Na veel geleerd te hebben over de historie van Cambodja werd het tijd om verder te gaan en me weer op leuke dingen te richten. Ik besloot naar het zuiden te gaan, naar Kampot, een kleine stad die vooral bekend staat om de Kampot pepers. Er was eigenlijk niet heel veel te doen, maar het was lekker weer en het hostel had een zwembad, dus ik besloot buiten een paar boottochtjes vooral aan het zwembad te liggen. Ik nam de nachtbus richting Siem Reap om daar Angkor Wat te gaan bezoeken.

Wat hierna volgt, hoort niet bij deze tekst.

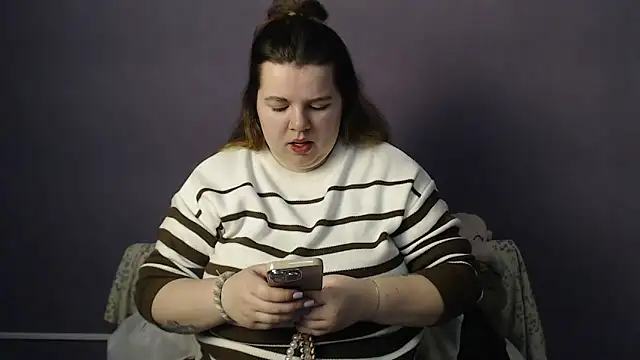 Snapshot of so_shy chatting on 02/24/26, 07:17 so shy online show from 02/24/26, 07:17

Angkor Wat is een wereldberoemde tempel, maar het kan eigenlijk meer gezien worden als een gebied met meerdere tempels. Het is naar verluidt het grootste religieuze monument ter wereld en is ongeveer 160 hectares groot. De belangrijkste tempel is echter Angkor Wat zelf en ik moet zeggen dat het een indrukwekkend bouwwerk is, dat ondanks dat het gebouwd werd in de 12e eeuw toch in goede staat is. Dit is natuurlijk niet vreemd omdat het de grootste toeristische trekpleister van Cambodja is. Veel van de muren zijn voorzien van Hindoe verhalen en de tempel heeft erg kenmerkende torens die mij meteen deden denken aan de Disney film Jungle book, waarin ze een soortgelijke tempel afbeelden. Ik zal mijn verhaal van vandaag uiteraard nog ondersteunen met een foto album. Na een paar dagen in Siem Reap werd het tijd om Cambodja te verlaten en dus nam ik de bus naar Bangkok in Thailand, maar hierover en het restant van mijn trip door Azië zal ik de volgende keer over schrijven.